_EXERCISE:_ Nothing but the lines below, from the first through the line containing "Ghost Face Magnet Back.JPG", should be set down, each one exactly and without pictures.
[DATA LISTING — start]
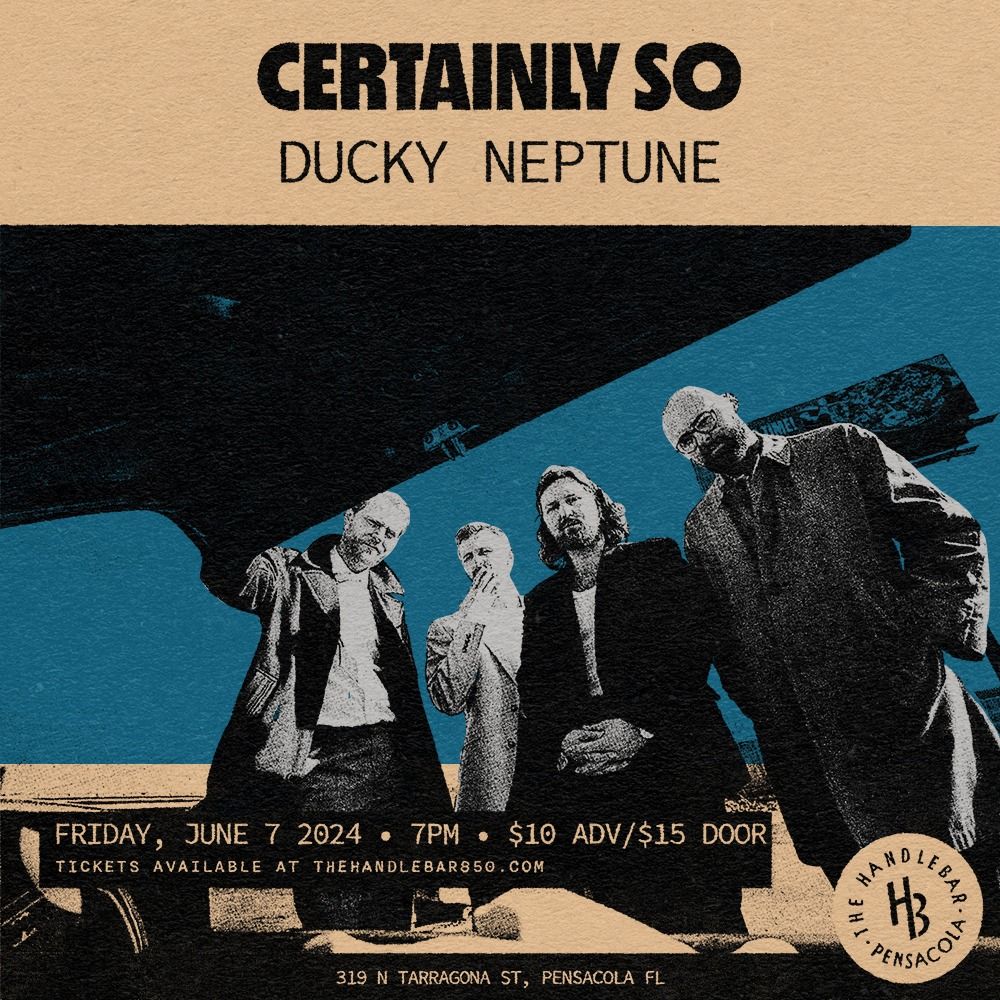6\/7- Certainly So, Ducky Neptune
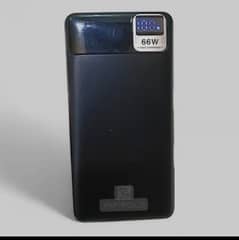 66w pipipolo original 20000 mah pipipolo brand power bank color black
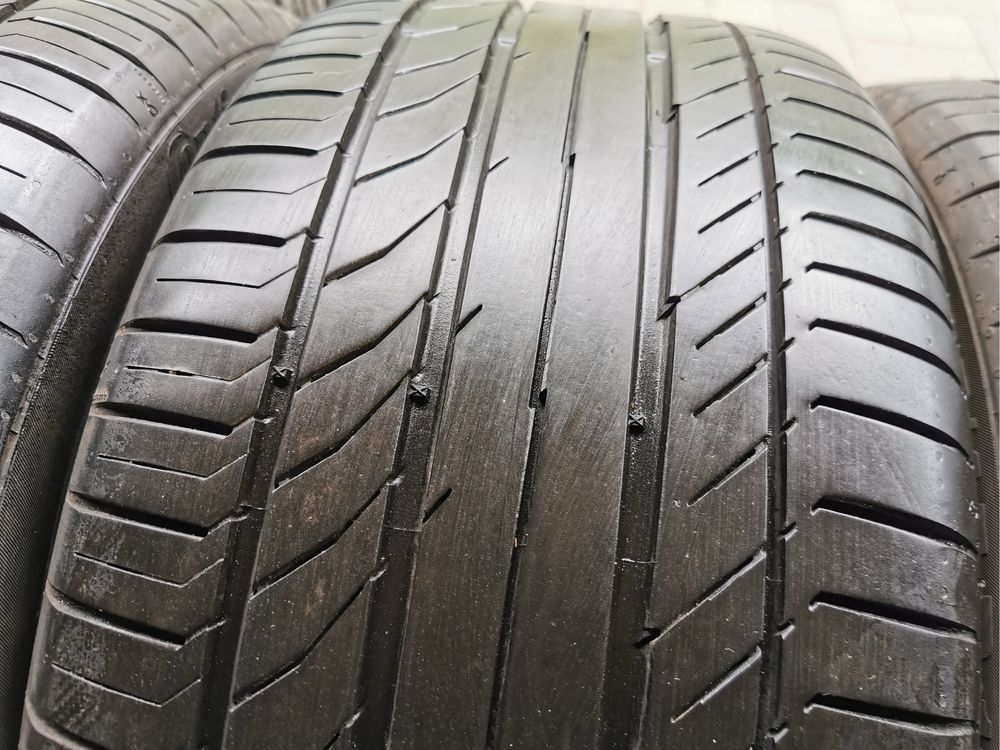 Летняя резина 245/45 R19 275/40 R19 Continental sc5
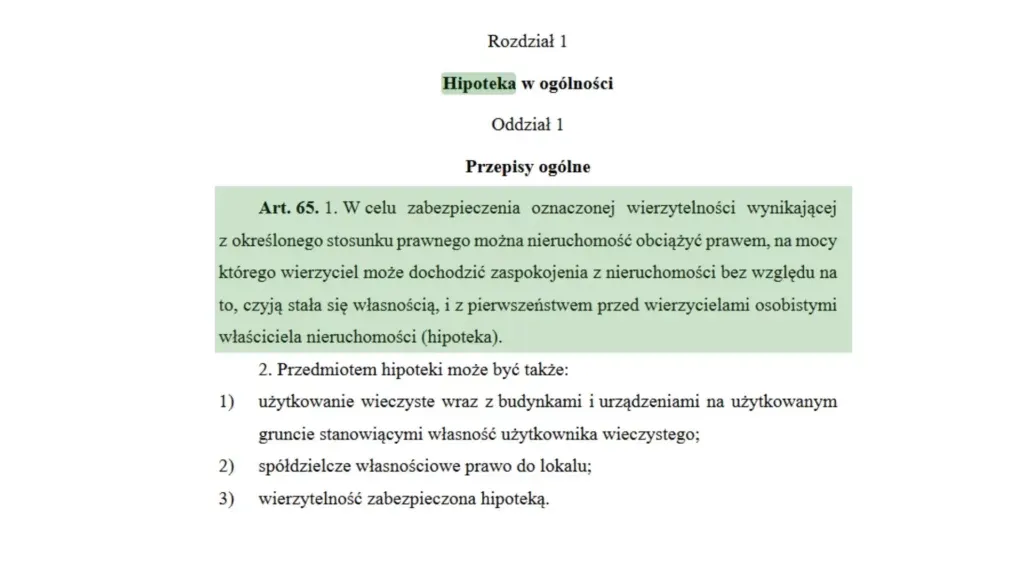 Zdjęcie Ile kosztuje ustanowienie hipoteki i co warto wiedzieć o tych wydatkach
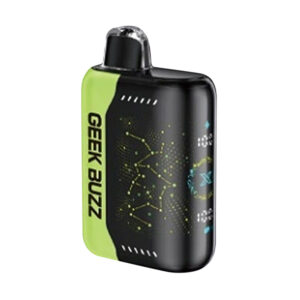 geek buzz pulse x 30k disposable miami mint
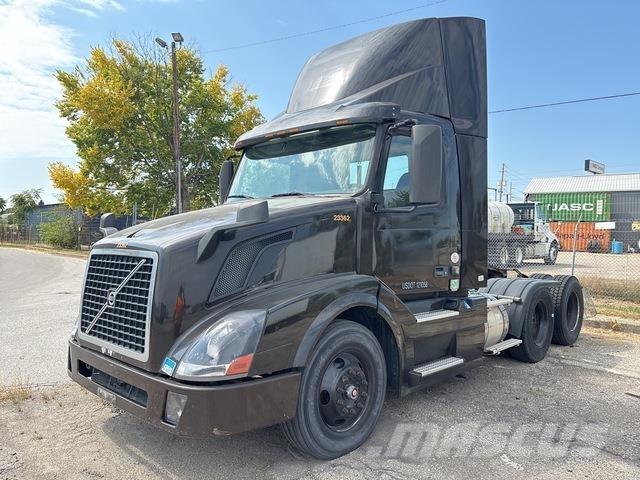Volvo VNL Trekkvogner
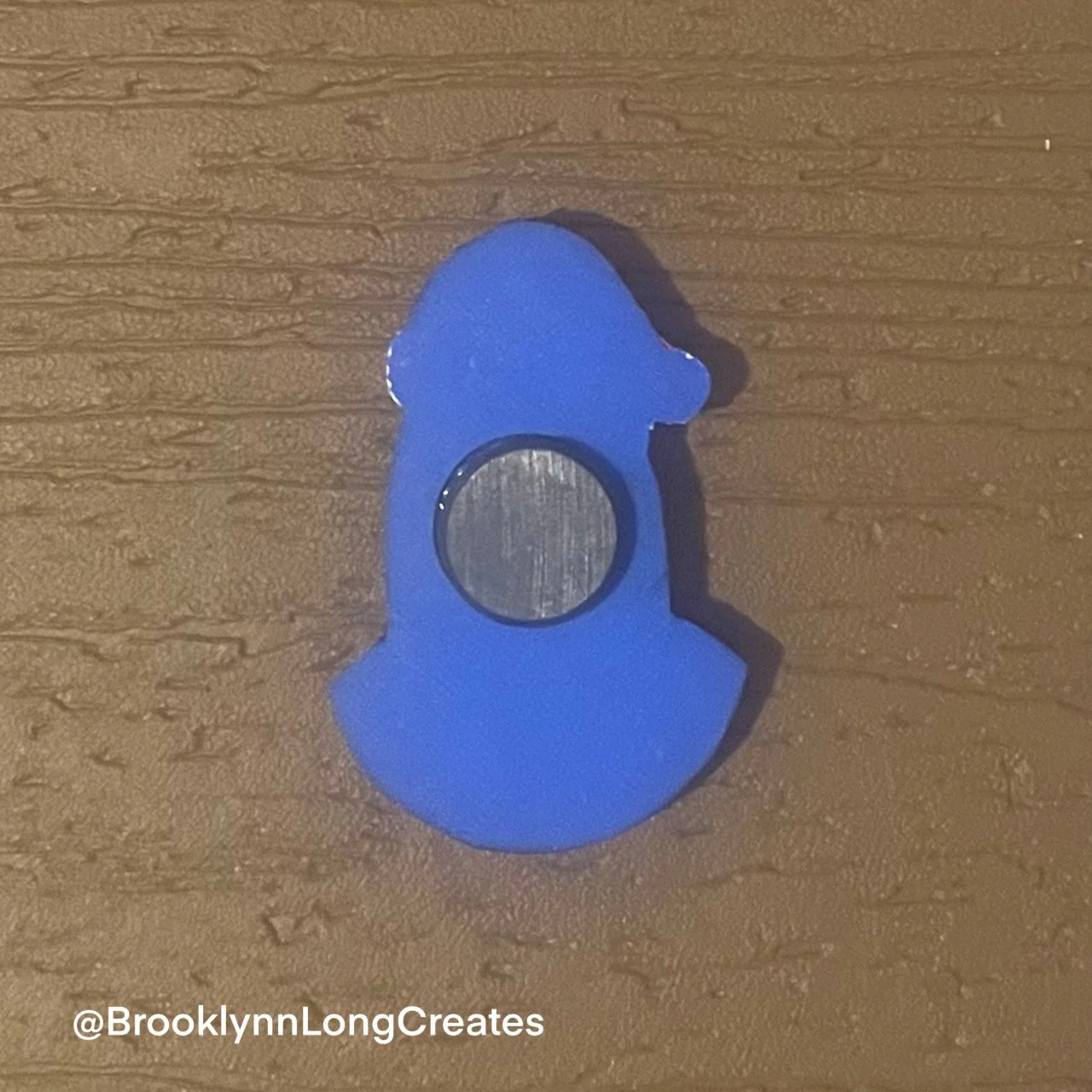 Ghost Face Magnet Back.JPG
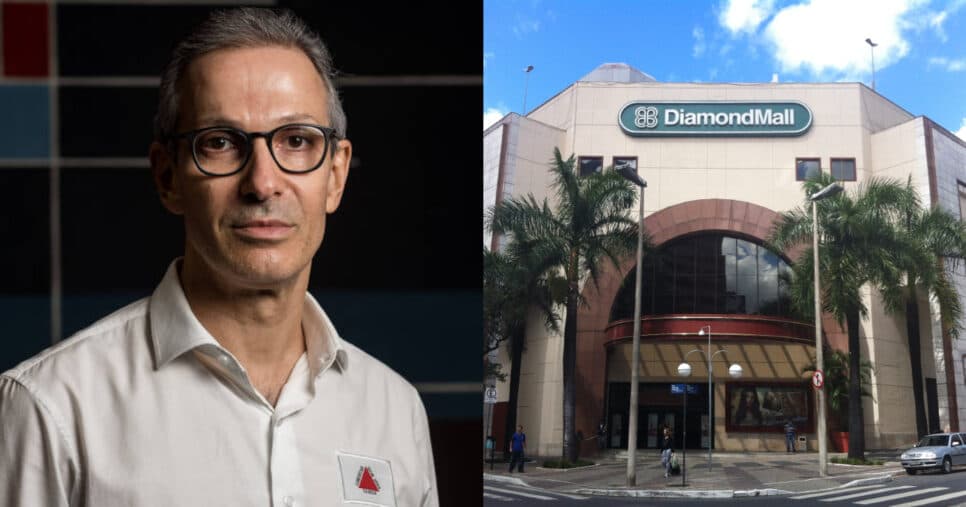 Lei em vigor nos shoppings de MG chegam com PROIBIÇÃO na era Romeu Zema e atinge o Diamond Mall e +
[DATA LISTING — finish]
_EXERCISE OUTPUT:_
6\/7- Certainly So, Ducky Neptune
 66w pipipolo original 20000 mah pipipolo brand power bank color black
 Летняя резина 245/45 R19 275/40 R19 Continental sc5
 Zdjęcie Ile kosztuje ustanowienie hipoteki i co warto wiedzieć o tych wydatkach
 geek buzz pulse x 30k disposable miami mint
Volvo VNL Trekkvogner
 Ghost Face Magnet Back.JPG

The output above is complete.